Recently we've been working with a couple of vendors to identify some potential solutions for scaling backend databases horizontally. This problem has been plagueing drupal.org, as well as many other large scale Drupal sites. Drupal.org has been plagued with database issues (as the infrastructure team is painfully aware), and we're doing what we can to help.
We've taken a look at third party hardware, software, and MySQL's own technologies, and some actually do have promise.
There are two scenarios we are dealing with, and they both have their own set of challenges to overcome.
- Multi-tenant Hosting: several databases coexisting on the same mysql server instance.
- Single-tenant Hosting: a single database on one instance of mysql, ideally spread across multiple servers. (Drupal.org falls into this category)
The market breakdown:
- Continuent uni/cluster provides a middleware solution for MySQL/PostgreSQL that proxies requests between your application and the database servers, allowing one to scale the backend horizontally. It's a great idea, but the price for most startups is a tad prohibitive, and it suffers from write performance problems.
- Sequoia is Continuent's open source offering. It offers a subset of the features provided by their commercial offering, and should work surprisingly well for single-tenant installs that do a lot of reads (it still has issues with write speed). Other downsides include the requirement of a specialized odbc driver, as well as a less-than-stellar memory footprint of 512MB per sequoia instance (it's a Java process, and it's generally run on each MySQL physical backend server). This is, of course, assuming that you have the required 3 days to set it up properly.
- Dolphinics provides a hardware based solutions for clustering that allows multiple servers to share the same memory pool in a very low latency. Ideally this works in tandem with MySQL Cluster to allow the cluster to be grown by simply throwing more hardware at it. We're currently testing out this solution, and will update as we have more.
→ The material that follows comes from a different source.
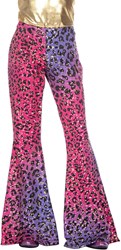 Kinder Hippie Broek Panter Paars-Pink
- MySQL Cluster provides a solution that should theoretically solve most of the pain point for the market, but it only addresses the availability element of the equation and not scalability. In order to grow your cluster, you are required to have a hot standby cluster replicated and waiting, and then have to export and re-import all of your data once the cluster has been expanded.
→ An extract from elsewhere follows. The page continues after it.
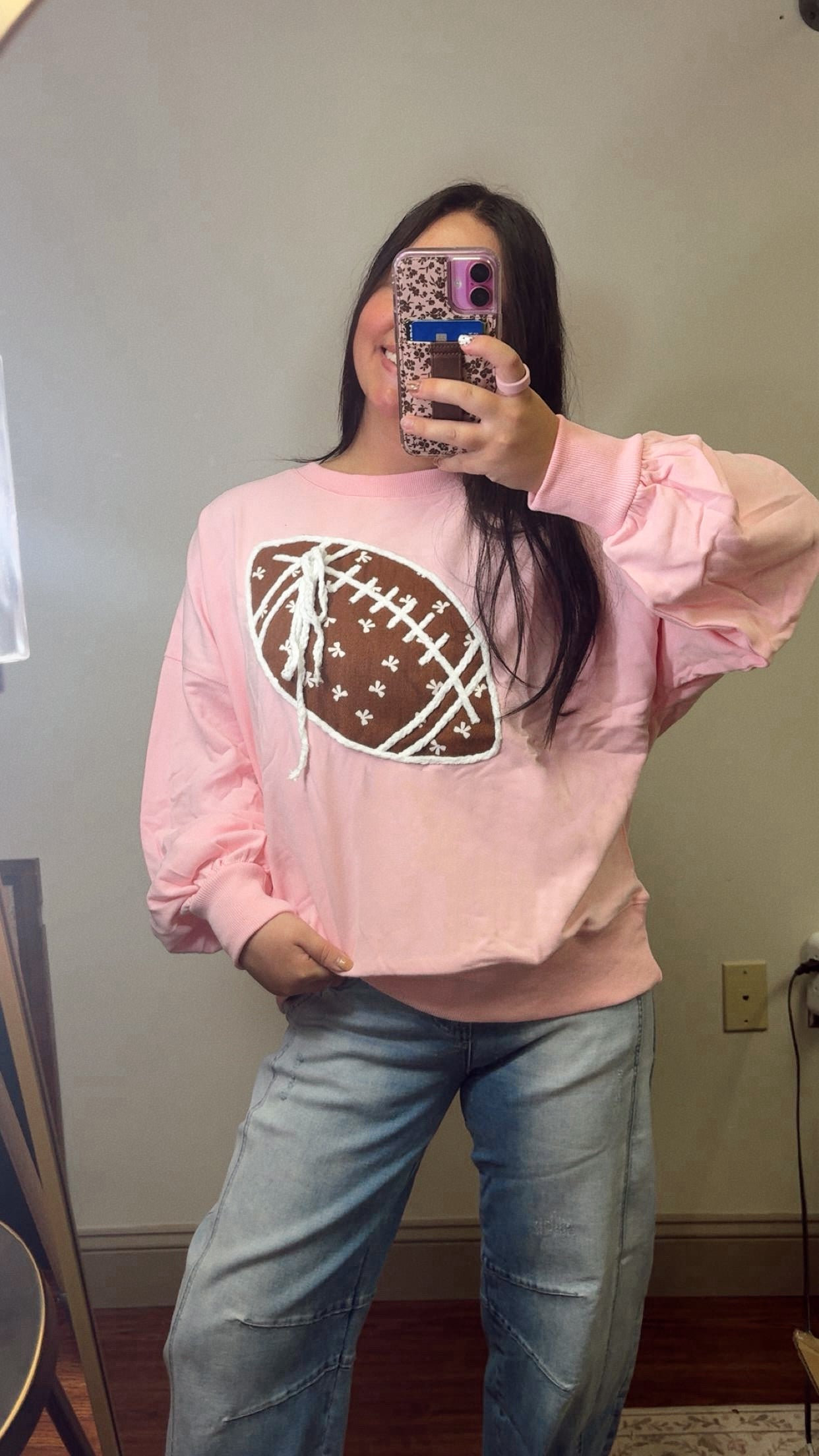 Pink Out Football Sweatshirt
The more I think about it, the more I'm frustrated that MySQL hasn't solved this problem reliably themselves. Not even MySQL's own site is using Cluster at this point (they're still using master-slave replication), so I'm worried that they've shipped a solution that doesn't provide what the market is demanding.
We've been talking recently with Continuent to help address this issue, but the problem is far more than "just throw more hardware at it." Our discovery with them led us to understand that there are different models for scaling; some around replication, others around data partitioning, and it's a matter of finding the right balance of the two for a given solution.
We'll be working more with both Continuent and Dolphin, as I can guarantee that hope of a working solution is on everyone's mind.